# GMAILFS - Gmail Tips and Tricks



## allajunaki (Oct 10, 2004)

Hey all the Lucky Owners of GMAIL account here is my Tip to ya all

GMAIL's 1 GB is pretty Hard to fill up.
But some dude has already come up with a way to Use Gmail as Internet Hard Drive.
For Windows User head here:
*www.viksoe.dk/code/gmail.htm

For Linux ppl Here
*richard.jones.name/google-hacks/gmail-filesystem/gmail-filesystem.html

Whats the Big Deal, We already Know this... (Ok its for ppl who didnt.. Here comes the meaty part)

Now people who have used this Thing already know that It clutters ur Inbox pretty badly... whats the solution?

Do this.
1. Create a Label Called 'Files' (or whatever u want) .. U can Do this from the Green Frame on the Left side of the Site.
2. Create a filter (u can create by clicking on 'create a filter' on the left side of 'search the web' button on the top side.
3. Now u have a yellow frame with some text boxes.
4. In the subject box enter 'GMAILFS:' (without the quotes) and in the from: box enter ur Gmail Address.
5. Test the filter by pressing 'Test Search' If all ur uplaoded Files are shown , then its successfull. Otherwise just remove whatever in 'from' text box. and test again..
6. After successful test click 'next step' button.
7. Tick(or Select) 'Skip Inbox' and Tick(or Select) 'Apply the Label ' and select the label as 'Files' (or whatever u named it..) 
8. now all the files u upload will straight goto 'Files' Label and Inbox will remail Clutterless... To delete the file use the Shell extention or Just Move it to trash from the label.

---- If anyone has already figured this Then cool.

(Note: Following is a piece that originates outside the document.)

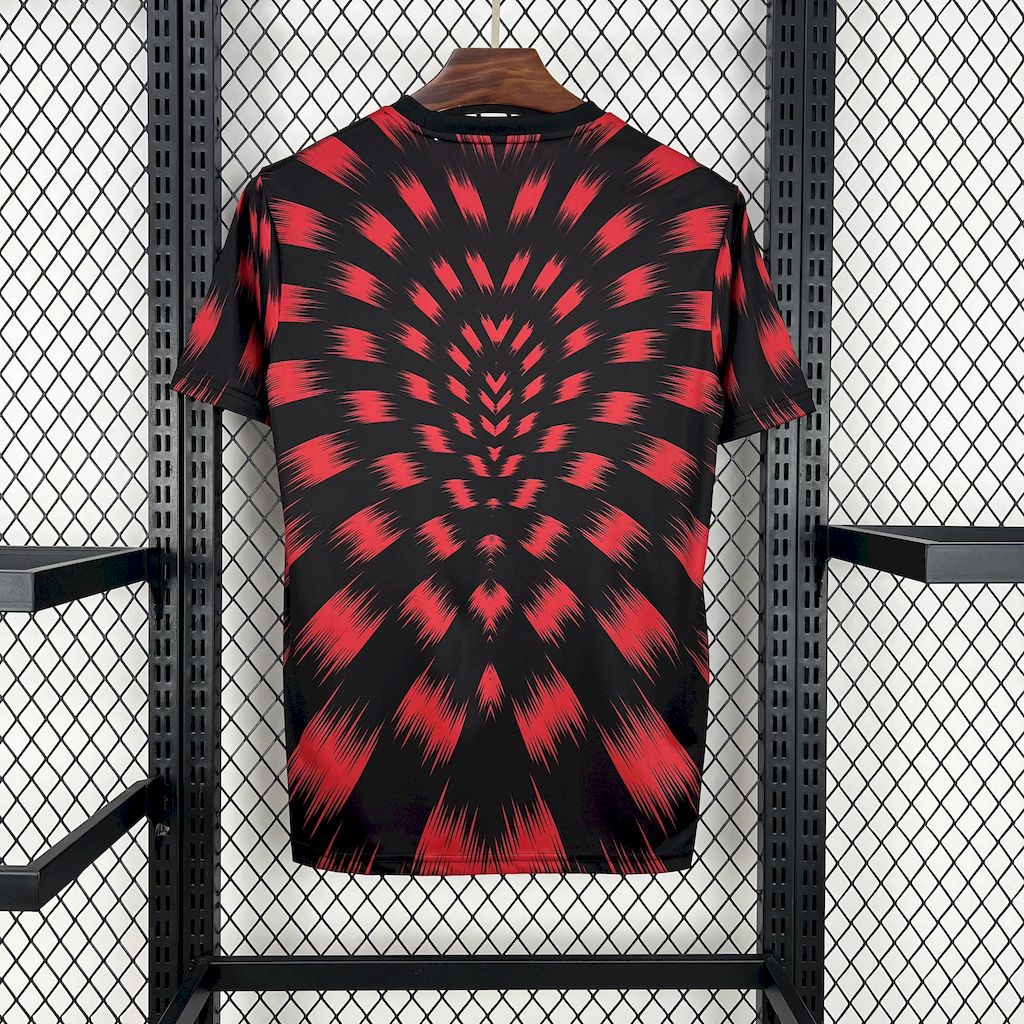 Camisa Flamengo Pré-Jogo 25/26 - Adidas Torcedor Masculina - Lançamento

If anyone has already posted this trick, Im sorry. I just Figured it out myself ( Hmm.. thats what u call as re-inventing the wheel)---

Some of the Other neat things About Gmail.
U can Apply more than one label to an e-mail. That means, For example i have a filter where all my Girlfriends mail gets a  Label , and All the Fowards gets another.. So what happens when my G.F sends me a Forward? It applies both the Labels . Plain and simple...
So all the fowards are in one.. all the Mails are another and her fowards are in both...

This is actually windows is trying to acheive in their LongHorn OS. (WinFS).
Similar to Label Concept, Where Dynamic Folders are generated and Two folders containing same File....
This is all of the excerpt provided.